Motorists might be familiar with the following scenario: you pull into a petrol station with half a tank of fuel but the bowser dispenses enough fuel to suggest it was near-empty.
You may have assumed that your reserve fuel tank was larger than expected and, most of the time, this would be correct.
But according to Minister for Industry, Science and Technology Karen Andrews, an audit of national petrol bowsers in 2017–19 found 4.8 per cent had inaccuracy issues that disadvantaged a consumer — double the 2.4 per cent proportion uncovered in 2015–16.
Ms Andrews said a bowser so inaccurate it prompts questions about tank-size could be a significant issue for consumers.
“But there can also be minor discrepancies, which could result in a consumer losing between 30 and 90 cents for every $100 spent,” she said.
“For the business, that adds up considerably each day — each week if that discrepancy continues.
“There’s a lot of money that can go to a business from a small amount lost by each consumer that comes in.”
Inspectors on the prowl
Enter the National Measurement Institute (NMI), a national authority tasked with ensuring retailers maintain the accuracy of measurement devices.
It employs about 60 trade measurement inspectors who work nationwide to audit about 9500 businesses each year, inspecting about 15,000 devices, such as food scales, weigh-bridges and beverage dispensers.
They also inspect, unannounced, up to 3000 petrol dispensers annually, ensuring litreage dispensed by a bowser matches what a customer pays for.
“It is the responsibility of the retailer to make sure their equipment is calibrated, and they have annual obligations,” Ms Andrews said.
“There’s always an issue that it could be deliberate, but a lot of it is just calibration with the equipment that needs to be adjusted.”
Inaccurate bowser percentage rises
Of 2925 petrol and diesel dispensers measured in 2015–16, 117 were found to be inaccurate to a consumer’s advantage, while 70 were inaccurate to a consumer’s disadvantage.
Of 1779 bowsers tested in 2016-17, 51 proved inaccurate to a consumer’s advantage, while 54 were inaccurate to their disadvantage.
But of 1933 tested in 2017-18, some 98 inaccurate fuel dispensers disadvantaged consumers, while another 30 were to the consumer’s advantage.

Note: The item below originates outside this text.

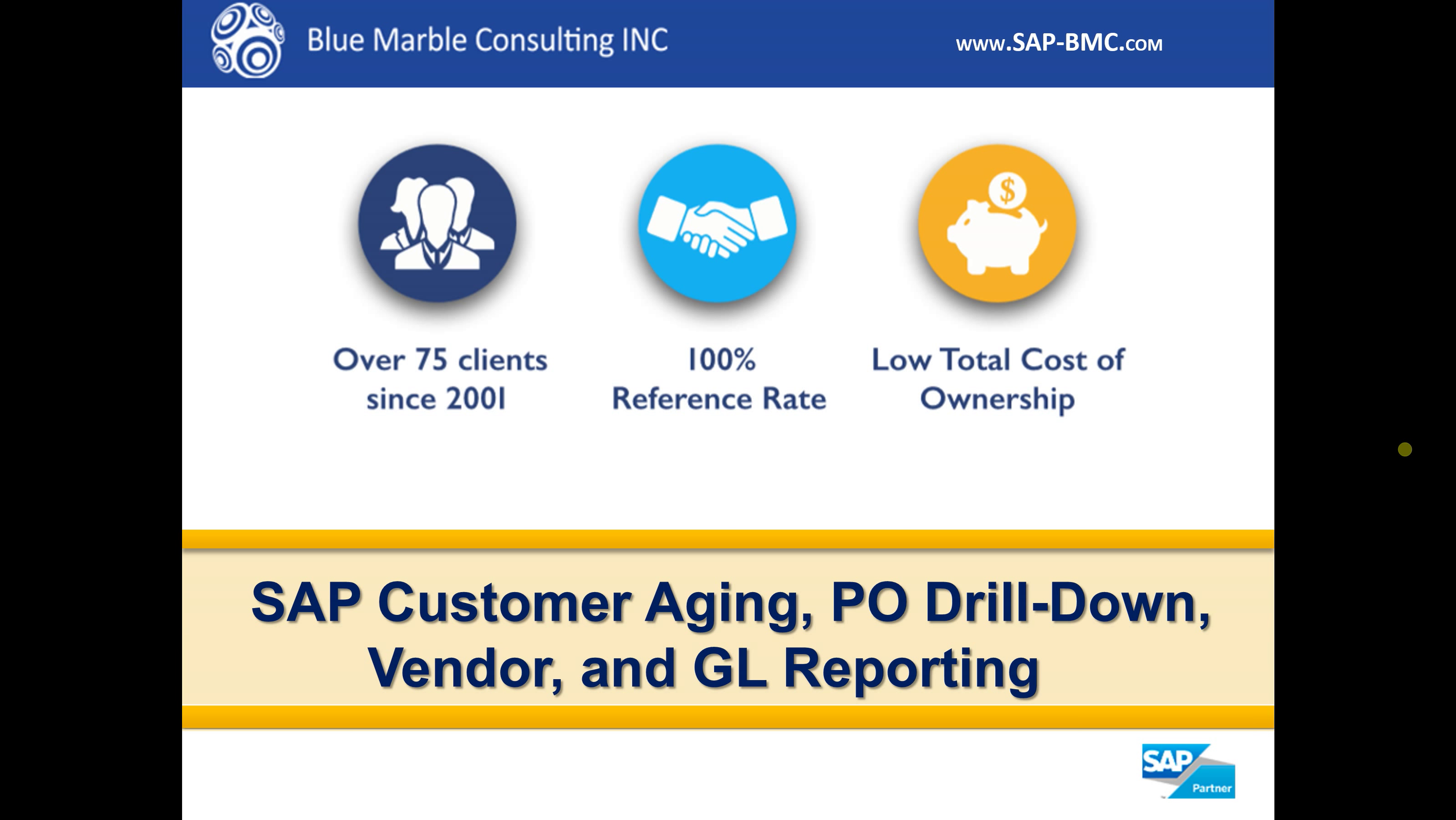Hey guys, Casey here with Blue Marble Consulting. Today we're going to be covering SAP customer aging, PO drill down, vendor, and GL reporting in a brief overview.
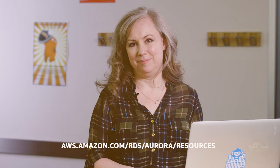If you have additional questions, refer to our online documentation at aws.amazon.com/rds/aurora/resources. Thanks for watching.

“At this stage there’s no explanation for that [the inaccuracy increase], so I’ll be looking to see, when the new set of figures come out, if it is still showing around 5 per cent or if it has dropped back,” Ms Andrews said.
She said inspectors had a range of options and, if it was a minor calibration issue, it could often be rectified on the spot.
“But I would expect that would be quite difficult in the case of dispensing petrol,” Ms Andrews said.
“There’s also the potential that there could be fines.”
Ms Andrews said the NMI issued 58 fines costing on average about $1000 each to businesses in 2017–18, while at least one business was referred to the Commonwealth Director of Public Prosecutions.
She urged people who suspected a fuel dispenser, or another trade measuring device, to be inaccurate, to report it to both the business involved and the NMI.
It is worth noting, however, that of 511 complaints about liquid and gas measurements made to the NMI in 2017–18, just 16 were found to be justified in that they disadvantaged consumers.
In the previous financial year, that figure was 18 of 411 complaints and, in 2015–16, it was 10 of 459 complaints.
It seems people’s reserve tanks really do have a larger capacity than generally assumed, but it is worth paying attention regardless.
“Every cent does matter,” Ms Andrews said.